- Born: Vera Jammer 15 August 1923 Hamburg
- Died: 18 October 2010 (aged 87) Eutin
- Occupation: Numismatist
- Spouse: Gert Hatz
- Awards: Royal Numismatic Society Medal Gunnar Holst Medal

Academic background
- Education: University of Hamburg
- Thesis: Die Anfänge der Münzprägung im Herzogtum Sachsen (10. und 11. Jahrhundert) (1952)

= Vera Hatz =

German numismatist

Vera Hatz (1923–2010) was a German numismatist, who specialised in medieval European coinage, in particular that of the tenth and eleventh centuries in northern Europe. She was jointly awarded the Royal Numismatic Society Medal, as well as the Gunnar Holst Medal.

== Biography ==
Born Vera Jammer on 15 August 1923 in Hamburg, she was awarded her PhD from the University of Hamburg. Entitled "Die Anfänge der Münzprägung im Herzogtum Sachsen. (10. und 11. Jahrhundert)", it was supervised by Walter Hävernick (de) and published in 1952. By 1951 she had begun work in the numismatic department at the Museum for Hamburg History. In 1954 Hatz became part of an international collaborative project 'Corpus Nummorum Saeculorum IX-XI qui in Suecia Reperti Sunt' alongside Peter Berghaus, Michael Dolley, Ulla S. Linder-Welin and Brita Malmer. A further collaborator was her husband Gert Hatz. She was also known for her work on the Otto-Adelheid coinage.
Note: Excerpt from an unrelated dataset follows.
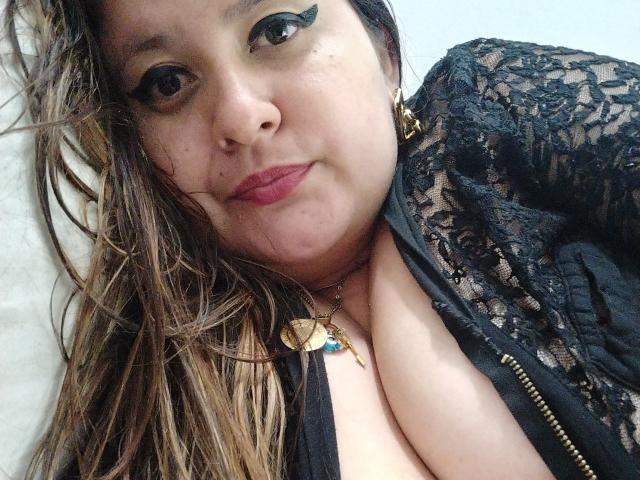HotValeryPassione with brown hair, black lace top, and gold necklace, showing her tits, wearing red lipstick, and black eyeliner, lying down, looking at the camera.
In 1988 the festschrift Commentationes numismaticae 1988: Festgabe für Gert und Vera Hatz was published. The volume recognised the important contributions both made to numismatics, and in particular coinage of the Viking world.

In 2013 a medal was designed by Peter-Götz Güttler, posthumously commemorating Hatz's 90th birthday.